Start of SUPPLIED DATA
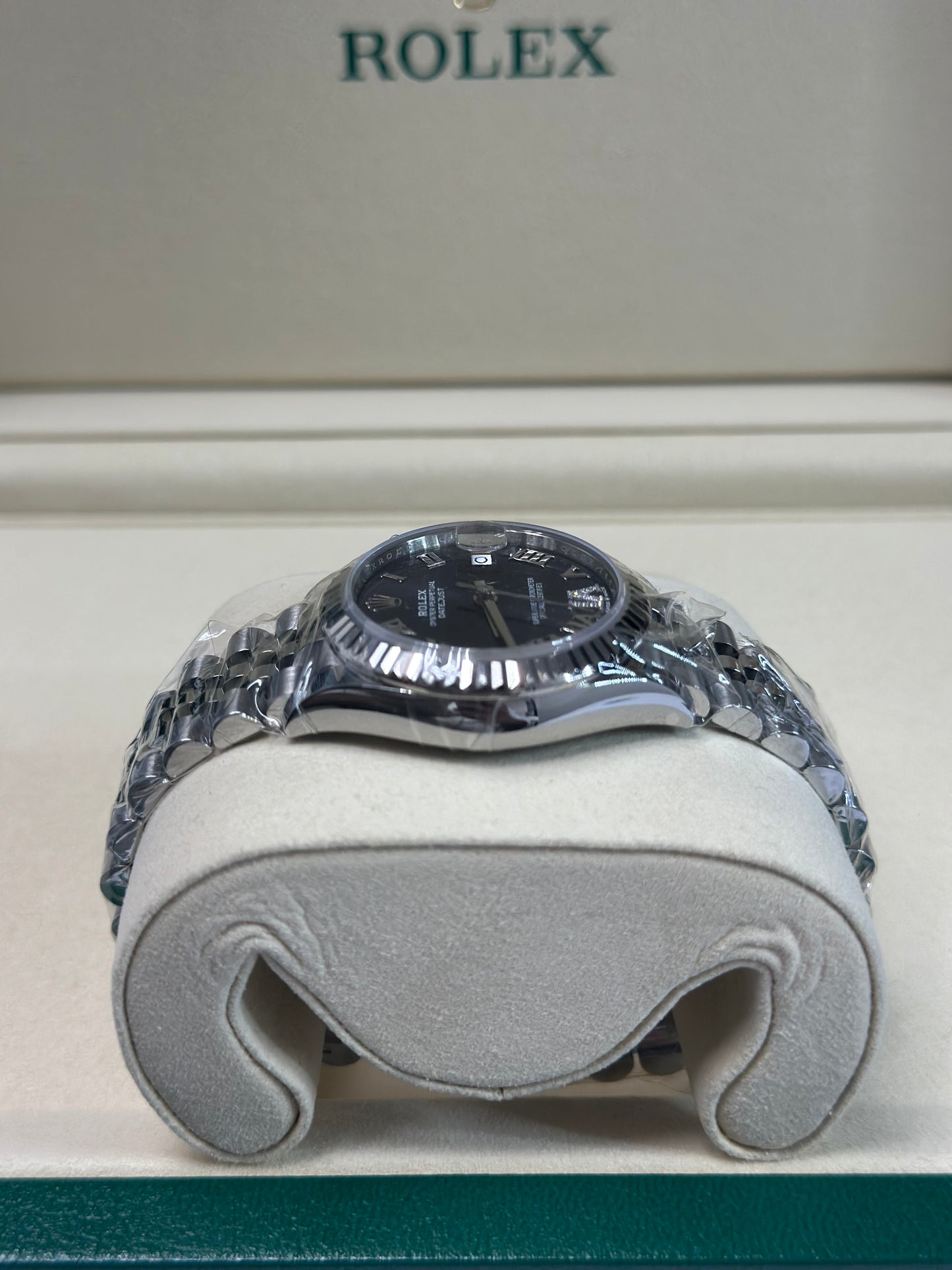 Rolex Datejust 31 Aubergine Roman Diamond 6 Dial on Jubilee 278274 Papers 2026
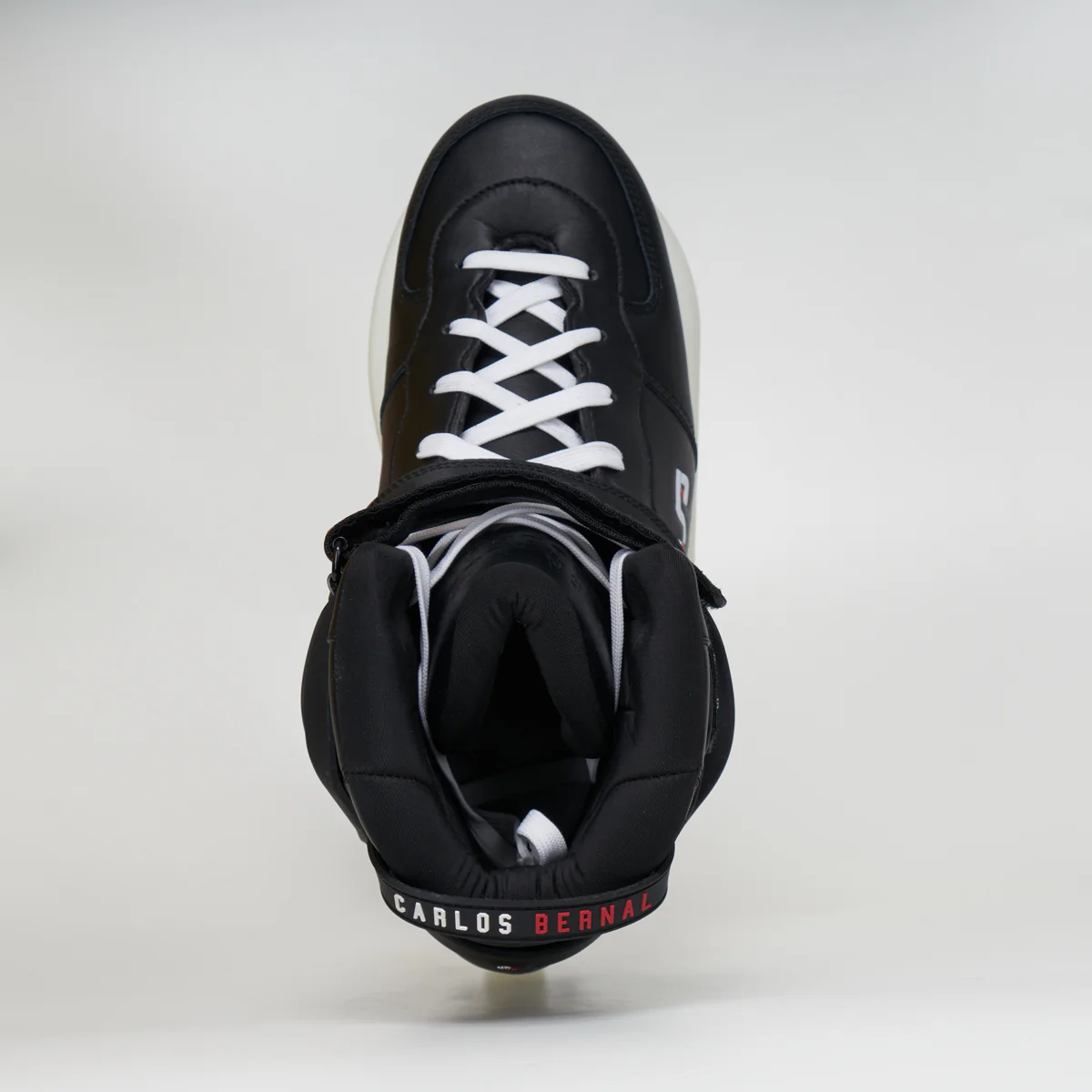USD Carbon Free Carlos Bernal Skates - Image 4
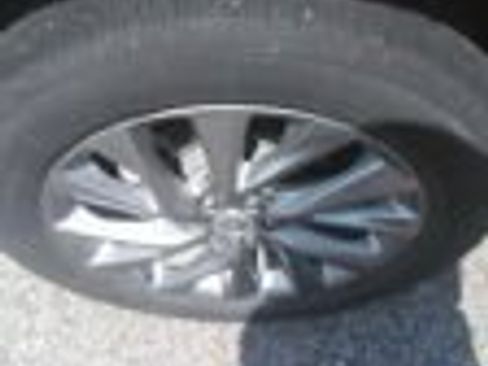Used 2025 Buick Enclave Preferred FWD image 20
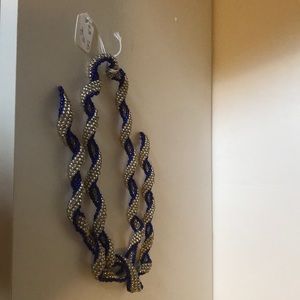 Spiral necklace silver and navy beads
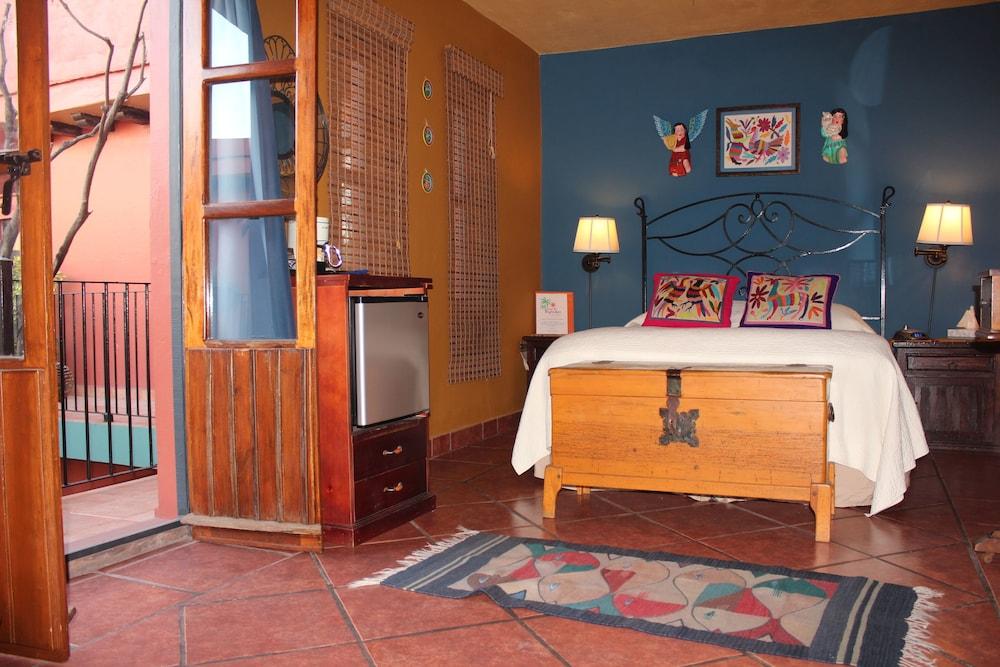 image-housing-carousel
End of SUPPLIED DATA
**WHAT YOU ARE ASKED TO DO**
Without carrying over any picture, retype the records above word for word.

**OUTPUT BELOW**
 Rolex Datejust 31 Aubergine Roman Diamond 6 Dial on Jubilee 278274 Papers 2026
USD Carbon Free Carlos Bernal Skates - Image 4
Used 2025 Buick Enclave Preferred FWD image 20
 Spiral necklace silver and navy beads
 image-housing-carousel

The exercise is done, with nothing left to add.